Comment le sociologue que vous êtes, analyse-t-il l'engouement des jeunes pour le Pari Foot ?
Pour aborder ce phénomène il faut interroger les pratiques autorisées et celles non autorisées en les confrontant à la fonction sociale du statut que nous pouvons considérer comme une sanction gratifiante, un acquis social qui survient à la suite des expériences, du mérite et surtout selon l’âge de l’individu.
Si les pratiques sont à la portée de tous à travers la simple mobilisation du talent et des processus d’apprentissage comme clés d’accès, les statuts par contre ne s’acquièrent pas aussi facilement. La capacité d’intervention pratique que nous pouvons appeler le savoir-faire peut se construire de manière isolée et déconnectée de toute implication sociale. Le statut ne s’obtient qu’en société car c’est une chose sociale que l’on reçoit des autres grâce à leur regard et leurs actes conciliants. Autrement dit, la reconnaissance de la capacité de pratique chez un individu dépend du statut social qu’il porte. De ces points de vue, la tâche à faire est de localiser le dysfonctionnement entre statut et pratique.
Doit-on, afin de légitimer nos comportements, avoir un statut pour pouvoir exercer une pratique ou faire le contraire, c’est-à-dire pratiquer afin de se faire un statut ?
La première hypothèse privilégie le contrôle social et présente moins de risque de dérapage vers la pratique d’actes moralement délégitimés. Quant à la seconde, elle est beaucoup plus opportuniste et constructive pour un individu. Par conséquent, elle peut déboucher sur une sanction punitive ou gratifiante des expériences de la personne. C‘est dans cette dernière perspective qu’il faut saisir et
comprendre la fréquentation des jeunes face au pari, ici le Pari Foot, que l’on appréhende par une addiction au jeu de hasard.

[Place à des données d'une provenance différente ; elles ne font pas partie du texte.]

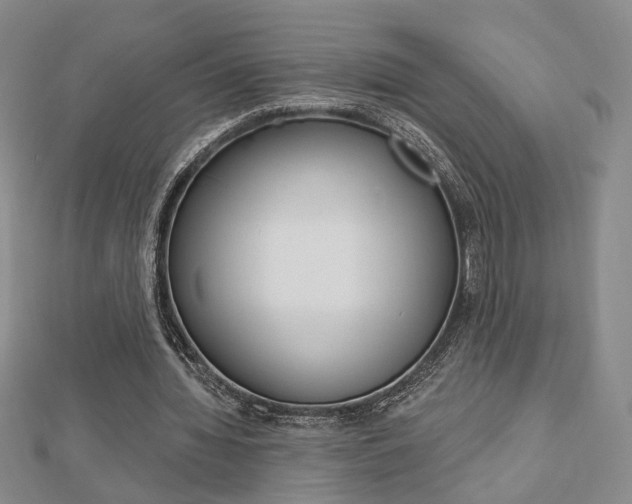 X0000112910436200908241012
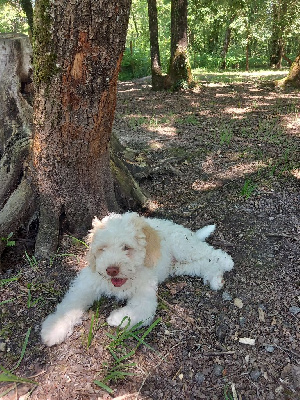 de la Colline de Montboyer - Lagotto Romagnolo - Portée née le 14/04/2024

Le contrôle social hiérarchise les statuts et sanctionne les comportements dysfonctionnels, c’est-à-dire lorsqu’ils sortent et perturbent sa zone d’influence. C’est ainsi que l’espace public est aménagé comme un lieu par excellence de prédilection et de domination adulte. L’enfant y reçoit protection contre les éventuels abus de personne dite adulte. Mais quand l’enfant lui-même fait des choses d’adultes et reproduit leurs expériences, il bouleverse les rôles et les statuts. Voilà une situation désagréable pour les adultes qui, au lieu de protéger, partagent des expériences de vie avec des enfants.
Qu’est-ce que les adultes, parieurs ou non, font pour dissuader les enfants de fréquenter les lieux de jeu de hasard précisément le pari Foot ?
Les adultes doivent récupérer leur capacité de protection vis-à-vis des enfants.
Pour ce faire, nous pouvons évidemment reprocher à la LONASE sa passivité dans sa responsabilité sociale, encore que la LONASE spécifie bien l'interdiction pour une catégorie d'âges... Mais la grande responsabilité incombe à la société elle-même dans son rapport au spectacle sportif en général, et son insertion dans l’économie monétaire, c’est-à-dire capitaliste, qui éclate les institutions socioculturelles et ouvre toutes les portes d’accès au privilège et très souvent au dépens de la régulation sociale. Il n’y a aucune importance ou valeur sociale chez un enfant capable de jouer avec grand talent au Pari Foot par exemple, puisqu’il ne s’agit pas d’un statut légitimé dans la pratique du jeu de hasard.